▶ **PROBLEM DETAILS**
Once the line with "Abbasali Stainless Steel" is found in the entries below, repeat it and each following line exactly, up to and including the line with "Vintage Ramses Crinoline". Add no other lines.

▶ **EXTRACTED INFORMATION**
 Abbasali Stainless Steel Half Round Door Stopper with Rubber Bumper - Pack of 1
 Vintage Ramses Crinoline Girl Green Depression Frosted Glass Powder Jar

--

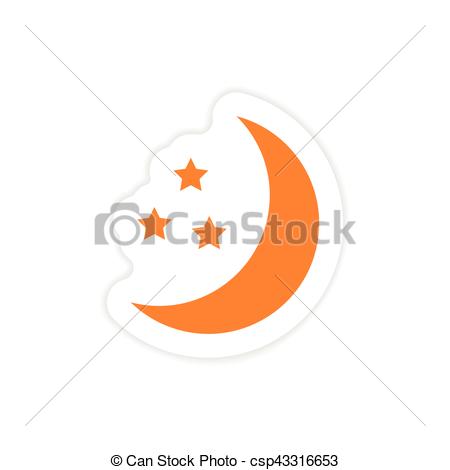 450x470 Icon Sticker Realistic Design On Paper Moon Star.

▶ **YOUR RESPONSE**
 Abbasali Stainless Steel Half Round Door Stopper with Rubber Bumper - Pack of 1
 Vintage Ramses Crinoline Girl Green Depression Frosted Glass Powder Jar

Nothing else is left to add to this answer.